Disclaimer: This is not financial or tax advice and intended for educational purposes only. Please always do your own research and consult a professional (e.g financial advisor, accountant).
Why this matters
Most people skim the equity paragraph and sign. That’s how wealth is left on the table.
This guide shows you - in plain English - how stock options really work, where taxes sneak in, how dilution erodes your stake, and exactly what to ask for before you sign.
You’ll learn:
- The core concepts (vesting, cliffs, option types, exercise windows, dilution)
- The math (what your shares could be worth at different exits)
- The tax traps (AMT + 83(b) explained clearly)
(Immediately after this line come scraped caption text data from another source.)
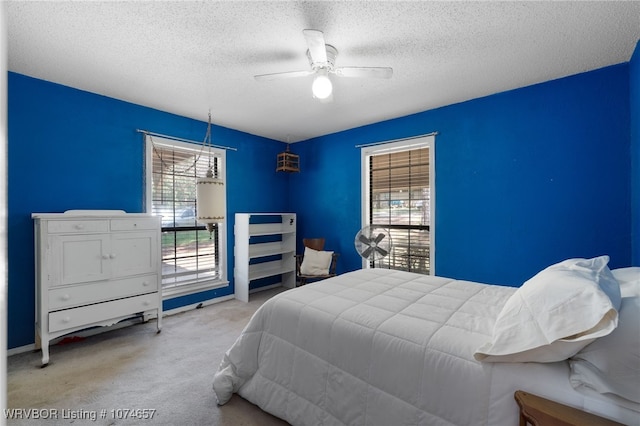 bedroom with ceiling fan, light carpet, and a textured ceiling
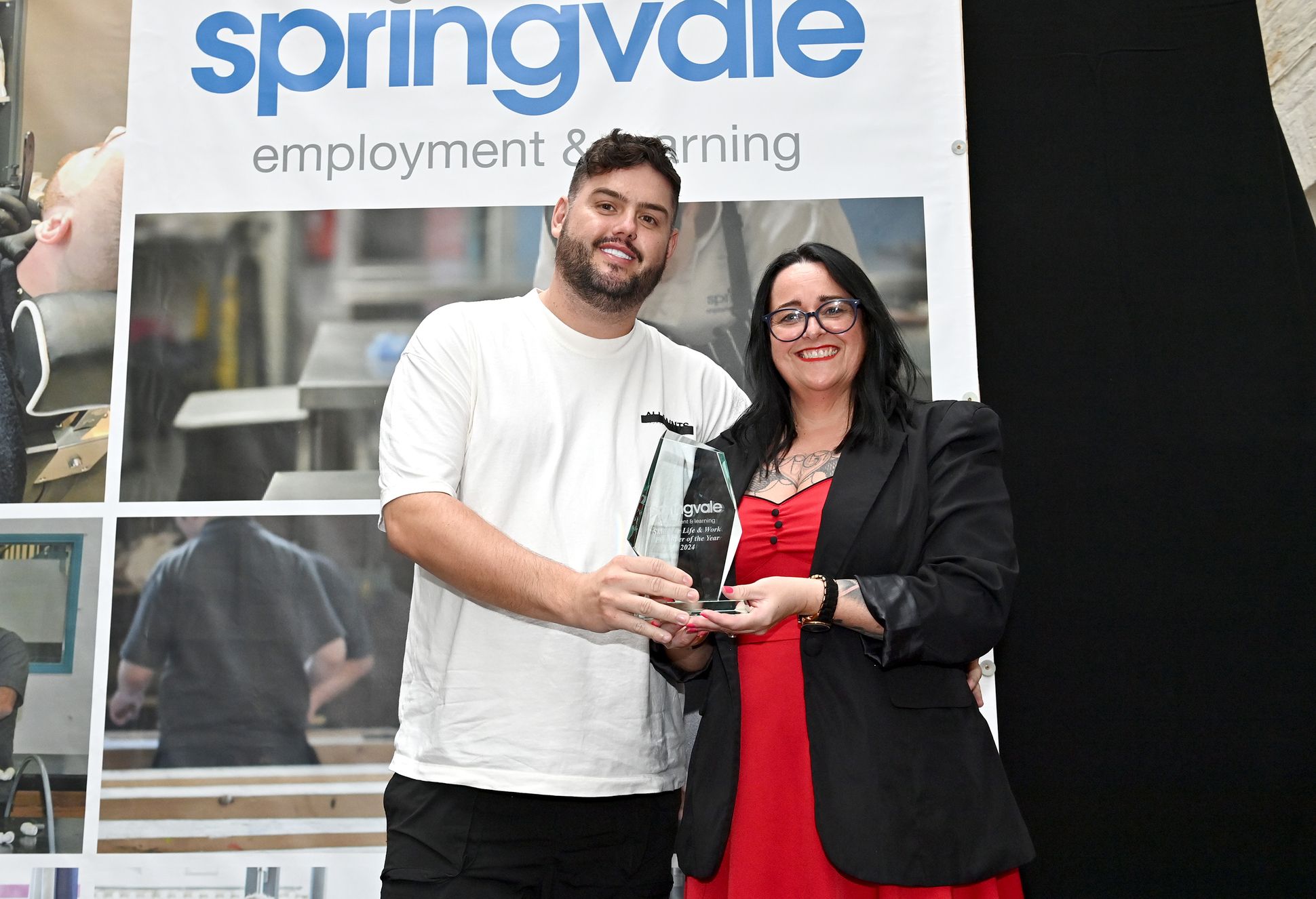 Sean Morgan, owner of the Hair Lounge is presented with his award for Skills for Life and Work employer of the Year  by Shelly Higgins (Programme Manager Springvale Learning)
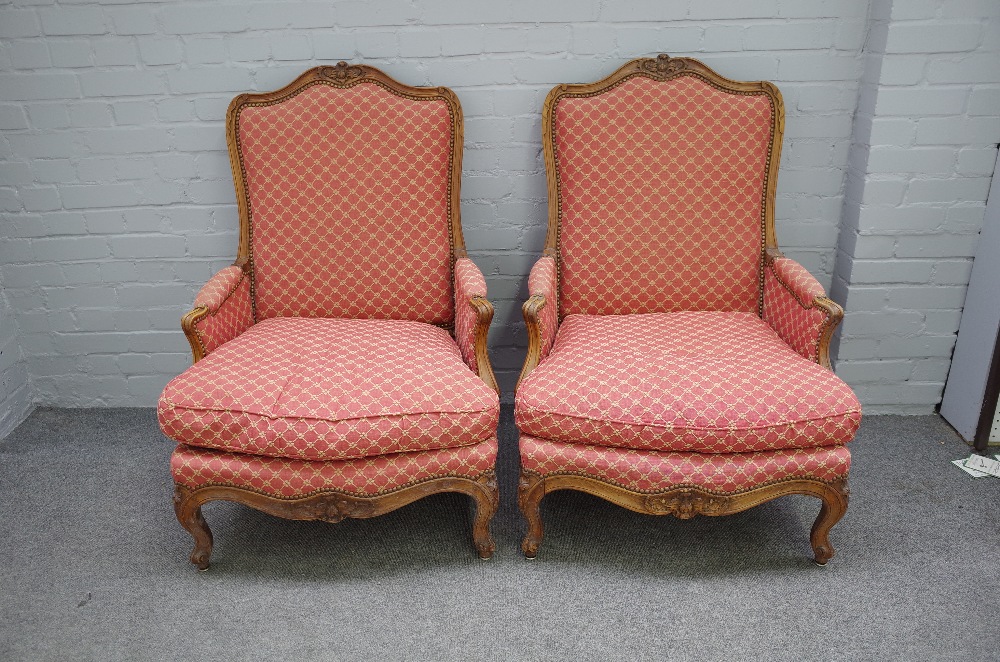 A pair of 19th century beech framed armchairs in the Louis XV style,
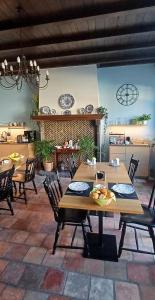 a dining room with tables and chairs and a fireplace at 't Kabinet in Blankenberge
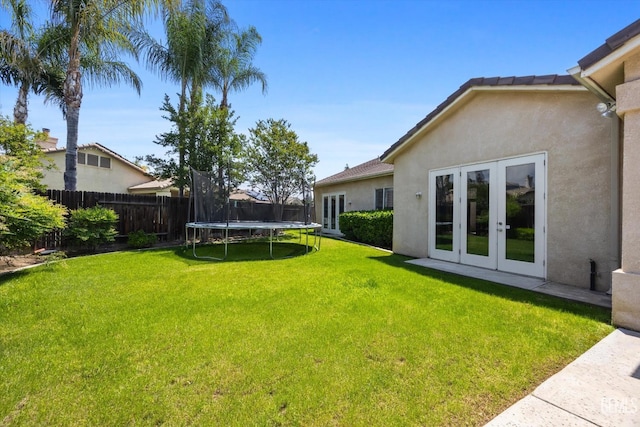 9508 Canyon Lake Ct, Bakersfield, CA 93312 - view of yard with fence, french doors, and a trampoline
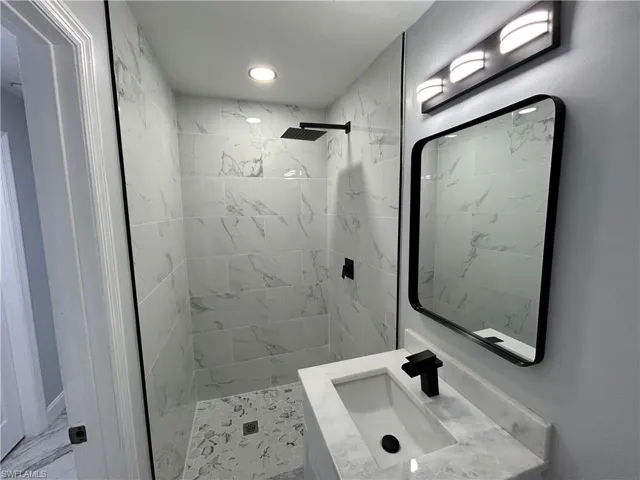 Bathroom with a tile shower and sink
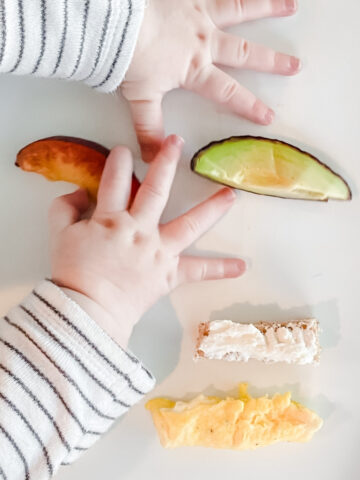 baby hands on a high chair tray with slices of avocado, plum, toast and eggs.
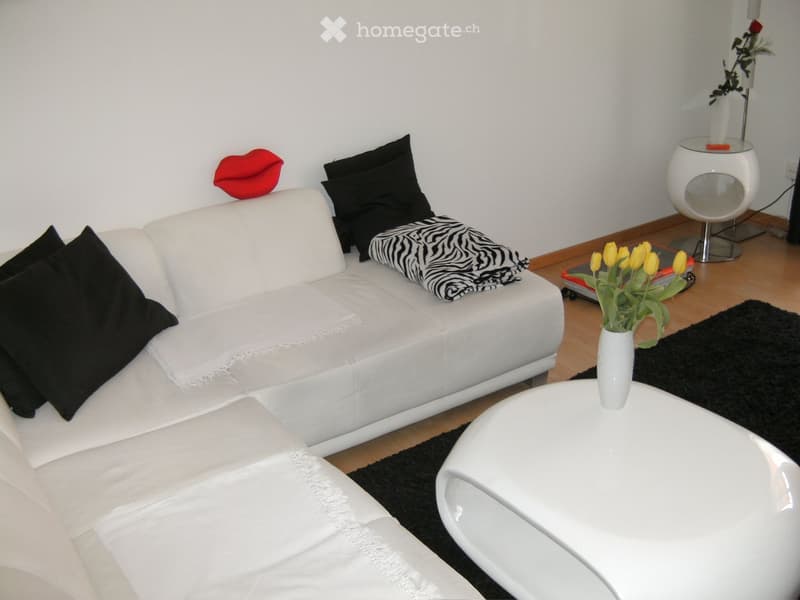 Modern living room with white leather sofa, black pillows, zebra throw, white coffee table, vase with yellow tulips, and a round white stool.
- The questions to ask (and why each one protects you)
What Are Stock Options?
- Definition: A stock option gives you the right (not obligation) to buy a share of company stock at a fixed price, called the strike price (or exercise price).
- Why they exist: Startups often can’t pay Big Tech salaries, so they use stock options to let employees share in the upside if the company grows or gets acquired.
- How you make money: If the company grows, the fair market value (FMV) of the stock (what the shares are worth today) goes up. If FMV > strike, you can buy low (strike price) and later sell high (FMV or exit price).